Die rechtlichen Konturen des freiwilligen Delisting haben sich in stetem Wechselspiel zwischen öffentlich-rechtlichen und zivilrechtlichen Impulsen entwickelt (näher dazu Mayen, ZHR 179 [2015], 1 ff.).

(1)    Im 3. Finanzmarktfördergesetz vom 24.03.1998 (BGBl. I S. 529) wurde das Delisting erstmals gesetzlich geregelt. Dies erfolgte – öffentlich-rechtlich – im Börsengesetz (§ 43 Abs. 4 BörsG 1998; später § 39 Abs. 2 BörsG i.d.F. des Gesetzes vom 16.07.2007, BGBl. I S. 1330). Die gesetzlichen Vorgaben waren knapp gefasst:

–       Der Widerruf durfte nicht dem Schutz der Anleger widersprechen;

–       der Zeitraum zwischen der Veröffentlichung und der Wirksamkeit des Widerrufs durfte zwei Jahre nicht überschreiten;

–       nähere Bestimmungen über den Widerruf waren in der Börsenordnung zu treffen.

(2)    Mit der sog. Macroton-Rechtsprechung des Bundesgerichtshofs vom 25.11.2002 (BGHZ 153, 47 [54 ff.]) folgte auf höchstrichterlicher Ebene erstmals die aktienrechtliche Antwort. Der 2. Zivilsenat entschied, der aktienrechtlich gebotene Schutz der Minderheitsaktionäre könne nur durch einen Hauptversammlungsbeschluss und darüber hinaus ein Pflichtangebot des Mehrheitsaktionärs oder der Gesellschaft über den Kauf ihrer Aktien erreicht werden (BGHZ 153, 47 [54 f., 56 f.]). Dem lag die (verfassungsrechtliche) Prämisse zugrunde, der Schutz des Anteilseigentums durch Art. 14 Abs. 1 GG verlange, dass den Minderheitsaktionären im Falle eines Delisting der volle Verkehrswert ihrer Aktien ersetzt werde, der diesen aufgrund der bisherigen Zulassung zum Börsenhandel zukam (BGHZ 153, 47 [57]). Insoweit gewährleiste der öffentlich-rechtliche Anlegerschutz keinen hinreichend wirksamen Minderheitenschutz und müsse damit von Verfassungs wegen – zivilrechtlich – ergänzt werden (BGHZ 153, 47 [56]).

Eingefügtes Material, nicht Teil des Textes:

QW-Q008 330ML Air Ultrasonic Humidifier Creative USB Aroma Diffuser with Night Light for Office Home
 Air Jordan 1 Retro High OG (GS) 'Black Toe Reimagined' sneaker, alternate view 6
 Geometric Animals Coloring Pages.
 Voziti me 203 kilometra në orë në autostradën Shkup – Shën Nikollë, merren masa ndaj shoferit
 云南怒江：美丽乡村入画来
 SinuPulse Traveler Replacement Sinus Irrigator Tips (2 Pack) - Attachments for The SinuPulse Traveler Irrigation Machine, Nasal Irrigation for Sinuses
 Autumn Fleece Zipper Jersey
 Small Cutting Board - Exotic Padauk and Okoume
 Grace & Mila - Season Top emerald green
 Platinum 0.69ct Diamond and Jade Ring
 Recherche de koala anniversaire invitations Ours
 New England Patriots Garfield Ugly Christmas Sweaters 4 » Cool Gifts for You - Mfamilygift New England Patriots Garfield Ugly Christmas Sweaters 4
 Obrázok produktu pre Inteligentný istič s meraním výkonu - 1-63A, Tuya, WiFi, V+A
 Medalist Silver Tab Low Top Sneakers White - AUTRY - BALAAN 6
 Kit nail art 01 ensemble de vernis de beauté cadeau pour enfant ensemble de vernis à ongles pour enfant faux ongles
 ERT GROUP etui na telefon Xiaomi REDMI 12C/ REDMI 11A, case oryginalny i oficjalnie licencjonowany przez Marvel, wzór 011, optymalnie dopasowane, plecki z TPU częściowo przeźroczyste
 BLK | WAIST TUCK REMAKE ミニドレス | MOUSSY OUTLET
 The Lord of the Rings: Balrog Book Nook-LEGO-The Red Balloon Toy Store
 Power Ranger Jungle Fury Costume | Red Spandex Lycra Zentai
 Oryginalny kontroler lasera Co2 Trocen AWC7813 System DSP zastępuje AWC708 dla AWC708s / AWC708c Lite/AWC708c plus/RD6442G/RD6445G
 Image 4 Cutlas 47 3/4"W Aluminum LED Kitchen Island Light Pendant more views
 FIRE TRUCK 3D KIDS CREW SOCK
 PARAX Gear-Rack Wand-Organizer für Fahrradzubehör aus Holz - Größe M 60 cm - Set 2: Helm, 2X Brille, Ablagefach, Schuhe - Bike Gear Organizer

(3)    Die verfassungsrechtliche Prämisse dieser Rechtsprechung hat sodann das Bundesverfassungsgericht korrigiert und klargestellt, dass der Widerruf der Börsenzulassung für den regulierten Markt gar nicht erst den Schutzbereich des Eigentumsgrundrechts des Aktionärs berührt. Dies schließe es allerdings nicht aus, dass der BGH einfachrechtlich im Wege der richterlichen Rechtsfortbildung ein Pflichtangebot des Mehrheitsaktionärs oder der Gesellschaft fordert (BVerfGE 132, 99 [Rn. 50 ff.]).

(4)    Der zivilrechtliche „Return“ erfolgte in diesem Fall durch den Gesetzgeber. Nachdem der BGH – zur Überraschung der meisten Beobachter – in der sog. Frosta-Entscheidung vom 08.10.2013 seine bisherige Rechtsprechung aufgab und nunmehr betonte, es lasse sich nicht feststellen, dass der durch § 39 Abs. 2 Satz 2 BörsG gewährleistete Schutz durch das Börsengesetz unzureichend und darüber hinaus gesellschaftsrechtlich ein Barabfindungsgebot erforderlich sei (BGH, WM 2013, 2213 [Rn. 13]), wurden die Anforderungen an das freiwillige Delisting durch Gesetz vom 26.11.2015 (BGBl. I S. 2029) wiederum primär zivilrechtlich geregelt. Bei Wertpapieren im Sinne des § 2 Abs. 2 WpÜG ist ein Widerruf „nur zulässig“, wenn bei Antragstellung unter Hinweis auf den Antrag eine Unterlage über ein Angebot zum Erwerb aller Wertpapiere, die Gegenstand des Antrags sind, nach den Vorschriften des WpÜG veröffentlicht wurde (§ 39 Abs. 2 Satz 3 Nr. 1 BörsG) oder die Aktien des Emittenten an einer anderen Börse zum regulierten Markt zugelassen sind (§ 39 Abs. 2 Satz 3 Nr. 2 BörsG). wichtig ist. Die (umfangreichen) Anforderungen des § 39 Abs. 3 BörsG an das Erwerbsangebot sind von den Zivilgerichten zu überprüfen, nicht von den öffentlich-rechtlichen Börsen (§ 39 Abs. 6 BörsG), ihnen obliegt nur noch die formale, nicht inhaltliche Prüfung der Voraussetzungen des § 39 Abs. 2 Satz 3 BörsG (so ausdrücklich BT-Drucks. 18/5010, S. 7).

II.

Wer nun dachte, damit wäre die Schlacht zugunsten des Zivilrechts entschieden, der hat die Rechnung ohne die Verwaltungsgerichte gemacht. Mit dem hier vorgestellten Urteil vom 08.03.2019 (2 K 6239/17.F) hat das Verwaltungsgericht Frankfurt a.M. ein weiteres öffentlich-rechtliches Kapitel hinzugefügt – und zwar ausgerechnet in einer Frage, die bisher im zivilrechtlichen Schrifttum ausgetragen worden war.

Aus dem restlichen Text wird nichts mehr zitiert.